REQUIRED WORK -
Could you retype exactly the line containing "Protection of finances." and every line after it in the data below, leaving out the pictures?

DATA BLOCK -

= = =

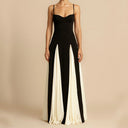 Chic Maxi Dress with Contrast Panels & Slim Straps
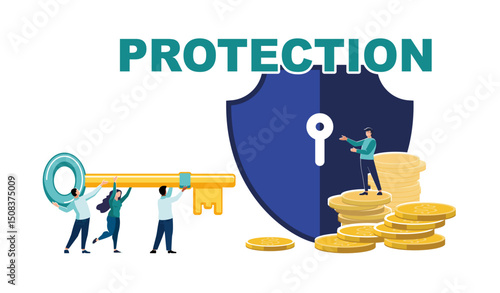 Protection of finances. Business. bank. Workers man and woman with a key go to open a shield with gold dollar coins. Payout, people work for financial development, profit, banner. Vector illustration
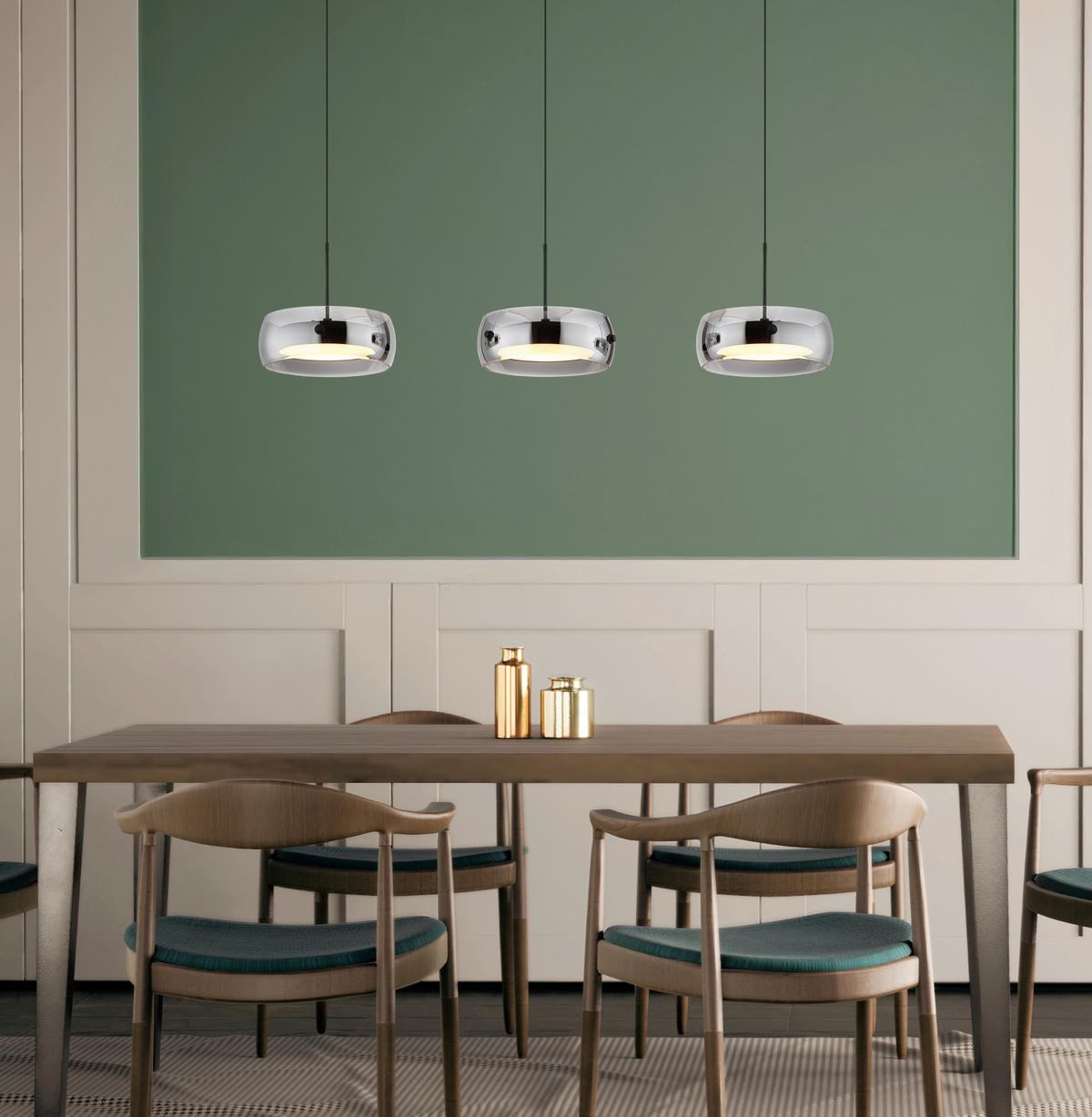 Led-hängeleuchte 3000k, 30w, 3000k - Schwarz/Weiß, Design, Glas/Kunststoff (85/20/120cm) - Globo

= = =

YOUR RESPONSE -
 Protection of finances. Business. bank. Workers man and woman with a key go to open a shield with gold dollar coins. Payout, people work for financial development, profit, banner. Vector illustration
 Led-hängeleuchte 3000k, 30w, 3000k - Schwarz/Weiß, Design, Glas/Kunststoff (85/20/120cm) - Globo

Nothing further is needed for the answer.